Reputation: 333
I am optimizing a query in Bigquery that shows non-repeated data, currently it is like this and it works.
select * from (select ROW_NUMBER() OVER (PARTITION BY id) as num, id, created_at, operator_id, description from NAME_TABLE where created_at >='2018-01-01') where num=1
I wanted to ask if it is possible to make a GROUP BY with all the columns (in a simple way it cannot be done, since crated_at is not possible to group it) and keep the first data of created_at that appears for each id
PD:a DISTINCT does not work, since there are more than 80 million records (they increase 2 million per day) and it returns repeated data
Upvotes: 0
Views: 67
Reputation: 1271241
You query should be fine. But you can do this without a subquery:
select array_agg(nt order by created_at desc limit 1)[ordinal(1)].*
from name_table nt
where created_at >='2018-01-01'
group by id
Upvotes: 0
Reputation: 173210
Below is for BigQuery Standard SQL
#standardSQL
SELECT AS VALUE ARRAY_AGG(t ORDER BY created_at LIMIT 1)[OFFSET(0)]

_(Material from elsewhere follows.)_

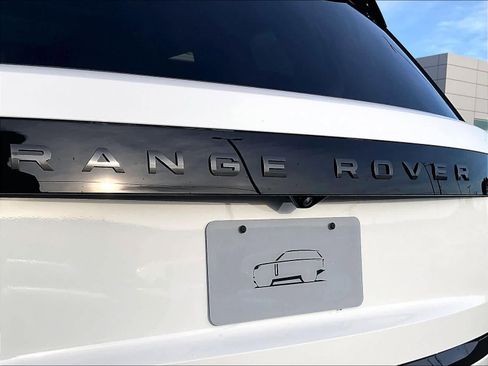 New 2026 Land Rover Range Rover Long Wheelbase SE image 26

FROM `project.dataset.NAME_TABLE` t
WHERE created_at >='2018-01-01'
GROUP BY id
Instead of processing / returning all columns - you can specify exact list you need as in below example
#standardSQL
SELECT AS VALUE ARRAY_AGG(STRUCT(id,created_at,operator_id,description) ORDER BY created_at LIMIT 1)[OFFSET(0)]
FROM `project.dataset.NAME_TABLE`
WHERE created_at >='2018-01-01'
GROUP BY id
Upvotes: 1